W3C home > Mailing lists > Public > public-i18n-core@w3.org > January to March 2009

Re: [CSS21][css3-namespace][css3-page][css3-selectors][css3-content] Unicode Normalization

From: Philip TAYLOR <P.Taylor@Rhul.Ac.Uk>
Date: Fri, 30 Jan 2009 16:45:23 +0000
Message-ID: <49832EA3.9020306@Rhul.Ac.Uk>
To: Jonathan Kew <jonathan@jfkew.plus.com>
CC: Anne van Kesteren <annevk@opera.com>, Richard Ishida <ishida@w3.org>, "'L. David Baron'" <dbaron@dbaron.org>, public-i18n-core@w3.org, www-style@w3.org

Jonathan Kew wrote:

> If anyone has created content that relies on a distinction between 
> names/IDs that would be erased by normalization -- i.e., names that are 
> canonically equivalent, as defined by Unicode -- then that data and/or 
> the processes using it are not compliant with the Unicode standard, and 
> they're liable to break at some undefined point in the future when they 
> attempt to interoperate with products or data that *are* 
> Unicode-compliant. That's really a bad idea.
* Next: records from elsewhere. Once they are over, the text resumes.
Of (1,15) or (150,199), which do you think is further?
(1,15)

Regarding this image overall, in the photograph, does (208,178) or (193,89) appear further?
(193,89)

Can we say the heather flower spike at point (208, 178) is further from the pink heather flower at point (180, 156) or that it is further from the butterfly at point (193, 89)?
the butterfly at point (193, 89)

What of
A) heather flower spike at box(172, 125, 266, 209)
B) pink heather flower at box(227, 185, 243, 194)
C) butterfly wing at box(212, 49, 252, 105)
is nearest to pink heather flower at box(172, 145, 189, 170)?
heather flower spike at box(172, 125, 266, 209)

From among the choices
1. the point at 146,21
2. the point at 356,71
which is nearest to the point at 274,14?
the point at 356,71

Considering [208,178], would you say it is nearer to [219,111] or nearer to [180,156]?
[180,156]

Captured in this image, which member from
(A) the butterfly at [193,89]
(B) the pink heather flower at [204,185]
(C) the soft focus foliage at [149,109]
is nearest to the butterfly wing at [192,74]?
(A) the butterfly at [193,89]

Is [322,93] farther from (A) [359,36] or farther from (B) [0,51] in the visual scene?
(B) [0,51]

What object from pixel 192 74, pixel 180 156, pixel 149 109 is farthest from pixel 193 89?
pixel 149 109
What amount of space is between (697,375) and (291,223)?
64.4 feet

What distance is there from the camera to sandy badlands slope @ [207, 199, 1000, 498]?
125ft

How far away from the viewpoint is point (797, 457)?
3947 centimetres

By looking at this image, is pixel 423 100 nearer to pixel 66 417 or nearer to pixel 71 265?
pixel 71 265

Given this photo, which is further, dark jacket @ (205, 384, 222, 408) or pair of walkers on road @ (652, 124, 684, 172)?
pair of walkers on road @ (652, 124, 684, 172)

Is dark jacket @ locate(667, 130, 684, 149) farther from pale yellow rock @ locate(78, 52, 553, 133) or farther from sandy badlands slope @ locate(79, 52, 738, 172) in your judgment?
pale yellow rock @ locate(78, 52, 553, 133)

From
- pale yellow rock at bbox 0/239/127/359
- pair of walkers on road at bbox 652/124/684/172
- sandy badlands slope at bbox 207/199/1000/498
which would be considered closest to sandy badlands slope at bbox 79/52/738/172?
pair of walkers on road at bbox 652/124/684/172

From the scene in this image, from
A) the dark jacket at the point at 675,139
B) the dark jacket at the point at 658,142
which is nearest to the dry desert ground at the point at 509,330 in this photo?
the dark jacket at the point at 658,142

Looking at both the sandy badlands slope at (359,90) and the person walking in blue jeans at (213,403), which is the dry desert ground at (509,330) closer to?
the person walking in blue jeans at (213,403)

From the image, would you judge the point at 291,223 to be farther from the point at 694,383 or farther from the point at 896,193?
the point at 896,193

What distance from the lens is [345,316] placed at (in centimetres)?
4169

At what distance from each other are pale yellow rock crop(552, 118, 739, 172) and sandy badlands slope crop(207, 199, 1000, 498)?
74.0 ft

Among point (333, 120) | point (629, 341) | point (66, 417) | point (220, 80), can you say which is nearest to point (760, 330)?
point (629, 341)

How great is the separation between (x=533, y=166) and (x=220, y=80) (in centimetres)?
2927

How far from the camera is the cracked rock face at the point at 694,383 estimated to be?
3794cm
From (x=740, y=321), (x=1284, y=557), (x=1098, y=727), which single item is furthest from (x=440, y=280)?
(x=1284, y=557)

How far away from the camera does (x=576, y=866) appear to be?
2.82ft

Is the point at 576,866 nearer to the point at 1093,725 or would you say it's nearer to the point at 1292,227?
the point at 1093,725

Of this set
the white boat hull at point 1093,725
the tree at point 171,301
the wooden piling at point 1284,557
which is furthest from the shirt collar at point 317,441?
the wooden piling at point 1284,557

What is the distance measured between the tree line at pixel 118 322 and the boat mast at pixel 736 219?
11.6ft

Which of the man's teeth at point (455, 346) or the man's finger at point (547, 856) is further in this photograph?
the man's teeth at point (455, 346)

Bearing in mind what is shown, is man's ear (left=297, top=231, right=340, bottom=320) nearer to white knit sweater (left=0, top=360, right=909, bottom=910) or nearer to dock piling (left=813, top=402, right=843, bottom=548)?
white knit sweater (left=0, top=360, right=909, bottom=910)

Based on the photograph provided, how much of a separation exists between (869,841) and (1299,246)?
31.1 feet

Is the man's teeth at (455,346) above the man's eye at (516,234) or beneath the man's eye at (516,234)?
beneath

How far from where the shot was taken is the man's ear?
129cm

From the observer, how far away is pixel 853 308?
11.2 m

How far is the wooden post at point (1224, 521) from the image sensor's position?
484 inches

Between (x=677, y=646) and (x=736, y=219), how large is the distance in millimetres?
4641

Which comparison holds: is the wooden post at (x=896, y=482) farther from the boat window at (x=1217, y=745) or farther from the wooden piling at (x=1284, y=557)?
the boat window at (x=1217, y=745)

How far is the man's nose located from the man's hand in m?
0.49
Better to face the issue 
> now, define appropriate and robust standards, and encourage anyone who 
> has currently got such ill-designed data to fix it. (I doubt it actually 
> exists, though.)

I agree with Jonathan and Richard : normalising ("normalization",
if you prefer the longer form) will result in predictable
(and logical, and justifiable) behaviour, even if -- in the short
term  -- it causes a small number of problems.
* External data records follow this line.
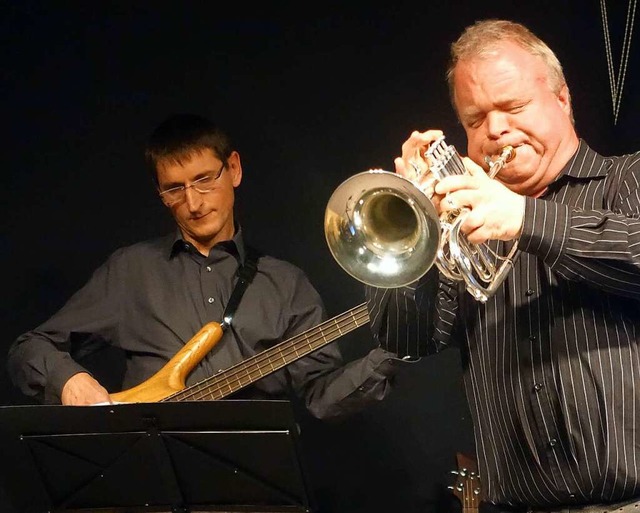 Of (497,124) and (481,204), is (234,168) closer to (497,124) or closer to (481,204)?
(497,124)

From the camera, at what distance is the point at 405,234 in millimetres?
1832

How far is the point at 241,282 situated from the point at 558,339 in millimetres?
1403

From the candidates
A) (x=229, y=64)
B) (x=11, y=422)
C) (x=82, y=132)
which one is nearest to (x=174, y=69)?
(x=229, y=64)

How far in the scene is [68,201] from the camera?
352cm

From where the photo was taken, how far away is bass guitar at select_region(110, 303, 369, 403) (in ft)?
9.10

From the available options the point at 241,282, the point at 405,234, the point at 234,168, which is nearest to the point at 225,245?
the point at 241,282

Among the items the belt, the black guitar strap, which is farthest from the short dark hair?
the belt

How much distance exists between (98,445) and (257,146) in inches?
57.4

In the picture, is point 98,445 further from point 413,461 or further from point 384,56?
point 384,56

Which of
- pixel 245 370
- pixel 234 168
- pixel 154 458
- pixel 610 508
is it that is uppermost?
pixel 234 168

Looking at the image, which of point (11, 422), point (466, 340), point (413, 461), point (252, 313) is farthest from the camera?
point (413, 461)

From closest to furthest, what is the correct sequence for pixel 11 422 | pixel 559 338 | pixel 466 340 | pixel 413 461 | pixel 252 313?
pixel 559 338
pixel 466 340
pixel 11 422
pixel 252 313
pixel 413 461

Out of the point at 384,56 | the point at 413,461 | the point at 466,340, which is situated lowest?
the point at 413,461

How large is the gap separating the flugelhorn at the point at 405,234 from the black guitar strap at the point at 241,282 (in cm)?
110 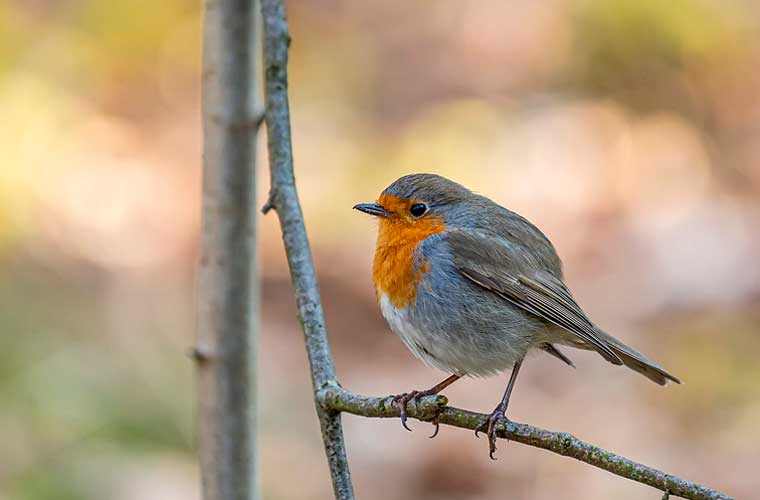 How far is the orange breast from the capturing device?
108 inches

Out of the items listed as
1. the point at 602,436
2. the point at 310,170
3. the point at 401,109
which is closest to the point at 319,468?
the point at 602,436

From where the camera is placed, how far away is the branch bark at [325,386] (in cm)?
168

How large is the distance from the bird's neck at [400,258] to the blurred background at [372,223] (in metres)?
1.85

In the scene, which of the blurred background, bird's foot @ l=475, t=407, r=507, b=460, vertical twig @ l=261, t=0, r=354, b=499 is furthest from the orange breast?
the blurred background

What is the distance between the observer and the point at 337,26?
25.1 feet

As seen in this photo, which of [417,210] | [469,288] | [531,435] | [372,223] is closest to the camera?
[531,435]

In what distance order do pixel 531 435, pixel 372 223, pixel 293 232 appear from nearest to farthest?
pixel 531 435, pixel 293 232, pixel 372 223

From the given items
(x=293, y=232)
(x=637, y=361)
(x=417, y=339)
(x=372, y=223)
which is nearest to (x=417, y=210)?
(x=417, y=339)

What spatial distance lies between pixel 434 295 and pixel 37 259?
12.1ft

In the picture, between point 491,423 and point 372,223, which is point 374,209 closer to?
point 491,423

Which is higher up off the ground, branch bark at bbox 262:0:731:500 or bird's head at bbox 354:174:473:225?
bird's head at bbox 354:174:473:225

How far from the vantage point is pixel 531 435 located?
1831 mm

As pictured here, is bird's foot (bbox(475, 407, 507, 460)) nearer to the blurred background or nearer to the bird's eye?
the bird's eye

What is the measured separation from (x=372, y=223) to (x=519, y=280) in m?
1.70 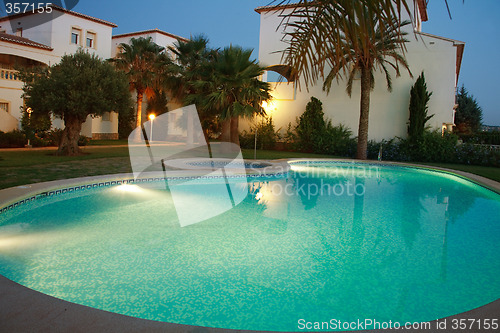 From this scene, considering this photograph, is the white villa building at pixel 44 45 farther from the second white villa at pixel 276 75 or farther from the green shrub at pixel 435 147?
the green shrub at pixel 435 147

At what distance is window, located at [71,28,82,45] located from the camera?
2481 cm

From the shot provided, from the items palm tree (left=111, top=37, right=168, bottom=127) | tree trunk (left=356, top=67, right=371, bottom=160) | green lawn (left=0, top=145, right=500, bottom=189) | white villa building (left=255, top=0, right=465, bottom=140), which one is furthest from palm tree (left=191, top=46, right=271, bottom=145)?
palm tree (left=111, top=37, right=168, bottom=127)

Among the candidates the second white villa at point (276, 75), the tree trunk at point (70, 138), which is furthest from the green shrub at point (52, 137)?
the tree trunk at point (70, 138)

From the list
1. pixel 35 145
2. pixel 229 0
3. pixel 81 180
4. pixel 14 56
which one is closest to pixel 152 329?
pixel 229 0

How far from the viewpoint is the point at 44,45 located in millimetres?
22938

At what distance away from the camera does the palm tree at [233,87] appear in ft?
51.4

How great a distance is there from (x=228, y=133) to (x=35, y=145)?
359 inches

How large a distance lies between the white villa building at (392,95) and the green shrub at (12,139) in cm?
1140

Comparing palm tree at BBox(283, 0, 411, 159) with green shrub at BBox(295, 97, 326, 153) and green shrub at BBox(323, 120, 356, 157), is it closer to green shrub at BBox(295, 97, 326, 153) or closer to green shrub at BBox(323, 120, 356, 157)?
Answer: green shrub at BBox(323, 120, 356, 157)

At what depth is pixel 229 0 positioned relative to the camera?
276 cm

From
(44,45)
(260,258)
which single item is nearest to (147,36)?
(44,45)

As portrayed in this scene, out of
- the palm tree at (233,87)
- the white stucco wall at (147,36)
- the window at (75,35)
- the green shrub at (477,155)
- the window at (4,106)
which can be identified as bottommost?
the green shrub at (477,155)

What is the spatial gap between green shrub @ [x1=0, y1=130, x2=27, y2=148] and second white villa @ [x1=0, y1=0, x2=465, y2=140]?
315 cm

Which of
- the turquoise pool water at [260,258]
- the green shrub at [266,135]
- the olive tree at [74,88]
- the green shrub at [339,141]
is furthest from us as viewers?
the green shrub at [266,135] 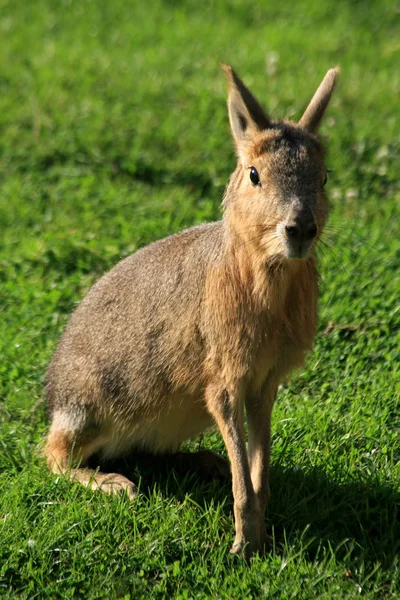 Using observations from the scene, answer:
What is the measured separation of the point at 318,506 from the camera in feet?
12.9

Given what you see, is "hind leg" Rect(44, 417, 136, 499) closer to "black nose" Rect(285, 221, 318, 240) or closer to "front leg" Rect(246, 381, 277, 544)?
"front leg" Rect(246, 381, 277, 544)

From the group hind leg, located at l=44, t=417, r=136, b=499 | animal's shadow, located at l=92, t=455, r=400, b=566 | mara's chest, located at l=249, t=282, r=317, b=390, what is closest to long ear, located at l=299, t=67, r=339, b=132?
mara's chest, located at l=249, t=282, r=317, b=390

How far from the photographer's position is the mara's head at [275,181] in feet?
10.9

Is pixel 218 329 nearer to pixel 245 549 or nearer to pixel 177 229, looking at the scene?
pixel 245 549

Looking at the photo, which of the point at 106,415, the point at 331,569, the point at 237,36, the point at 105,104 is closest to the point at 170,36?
the point at 237,36

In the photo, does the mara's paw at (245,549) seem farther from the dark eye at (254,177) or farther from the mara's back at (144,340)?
the dark eye at (254,177)

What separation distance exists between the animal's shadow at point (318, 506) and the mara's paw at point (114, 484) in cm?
7

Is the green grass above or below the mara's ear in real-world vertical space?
below

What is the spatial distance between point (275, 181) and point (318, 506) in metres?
1.31

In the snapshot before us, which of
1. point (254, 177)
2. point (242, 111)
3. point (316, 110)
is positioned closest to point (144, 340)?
point (254, 177)

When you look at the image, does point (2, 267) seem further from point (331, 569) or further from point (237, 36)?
point (237, 36)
The issue with regard to Vietnamese interests me in particular,
because it is a language to which I have considerable exposure
(my wife is Vietnamese) and the behaviour reported for Windows XP

> Microsoft keyboards under XP produce unnormalized output where 
 > tone marks are separate combining characters but diacritics that
 > differentiate letters are composed with their base character.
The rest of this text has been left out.